= TASK STATEMENT =
Whenever a line of the records below contains the word "Sleeve", copy that line.

Brief descriptive captions

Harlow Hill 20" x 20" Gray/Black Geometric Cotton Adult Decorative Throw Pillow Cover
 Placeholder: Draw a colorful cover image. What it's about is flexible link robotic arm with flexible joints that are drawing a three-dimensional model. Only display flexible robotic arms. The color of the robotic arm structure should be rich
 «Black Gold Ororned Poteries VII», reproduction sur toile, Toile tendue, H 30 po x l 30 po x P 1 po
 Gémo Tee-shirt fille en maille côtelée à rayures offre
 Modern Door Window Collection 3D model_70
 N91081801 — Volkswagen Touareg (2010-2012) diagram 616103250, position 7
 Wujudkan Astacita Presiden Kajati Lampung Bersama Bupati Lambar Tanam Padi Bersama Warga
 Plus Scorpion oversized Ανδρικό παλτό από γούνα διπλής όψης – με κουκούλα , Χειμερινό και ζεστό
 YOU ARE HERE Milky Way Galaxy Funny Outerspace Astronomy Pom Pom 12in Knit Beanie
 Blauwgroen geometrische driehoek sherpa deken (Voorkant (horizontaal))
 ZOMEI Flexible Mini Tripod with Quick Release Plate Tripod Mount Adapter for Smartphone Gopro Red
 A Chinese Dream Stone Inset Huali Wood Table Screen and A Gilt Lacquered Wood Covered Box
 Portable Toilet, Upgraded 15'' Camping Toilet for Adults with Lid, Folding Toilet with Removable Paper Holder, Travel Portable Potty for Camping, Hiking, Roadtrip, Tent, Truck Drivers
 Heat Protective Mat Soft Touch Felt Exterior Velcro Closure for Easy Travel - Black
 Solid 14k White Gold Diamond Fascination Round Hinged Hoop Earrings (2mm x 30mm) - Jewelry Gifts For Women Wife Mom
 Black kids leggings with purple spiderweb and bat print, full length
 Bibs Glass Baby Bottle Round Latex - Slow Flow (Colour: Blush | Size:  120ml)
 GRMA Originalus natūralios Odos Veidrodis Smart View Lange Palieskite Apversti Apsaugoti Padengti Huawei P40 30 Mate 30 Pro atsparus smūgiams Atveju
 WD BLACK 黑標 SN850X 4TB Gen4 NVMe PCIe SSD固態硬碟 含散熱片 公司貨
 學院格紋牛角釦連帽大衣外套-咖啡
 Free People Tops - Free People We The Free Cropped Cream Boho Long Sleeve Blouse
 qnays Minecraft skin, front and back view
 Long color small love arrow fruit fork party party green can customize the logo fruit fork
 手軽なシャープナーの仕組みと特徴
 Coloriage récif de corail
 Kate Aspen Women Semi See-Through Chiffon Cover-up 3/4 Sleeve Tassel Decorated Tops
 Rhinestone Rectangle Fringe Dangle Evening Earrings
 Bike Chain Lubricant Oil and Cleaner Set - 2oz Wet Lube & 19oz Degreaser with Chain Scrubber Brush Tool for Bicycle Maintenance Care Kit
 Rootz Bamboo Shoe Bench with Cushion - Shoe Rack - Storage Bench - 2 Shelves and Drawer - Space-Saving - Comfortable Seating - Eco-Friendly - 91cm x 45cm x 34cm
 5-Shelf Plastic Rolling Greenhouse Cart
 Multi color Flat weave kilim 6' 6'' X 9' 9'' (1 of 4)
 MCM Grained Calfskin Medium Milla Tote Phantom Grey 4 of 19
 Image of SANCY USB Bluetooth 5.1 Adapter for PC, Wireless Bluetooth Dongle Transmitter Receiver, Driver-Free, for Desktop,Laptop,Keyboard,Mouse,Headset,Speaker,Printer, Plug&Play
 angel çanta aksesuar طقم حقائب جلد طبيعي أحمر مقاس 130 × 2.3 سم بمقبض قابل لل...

= SOLUTION TO THIS PROBLEM =
 Free People Tops - Free People We The Free Cropped Cream Boho Long Sleeve Blouse
 Kate Aspen Women Semi See-Through Chiffon Cover-up 3/4 Sleeve Tassel Decorated Tops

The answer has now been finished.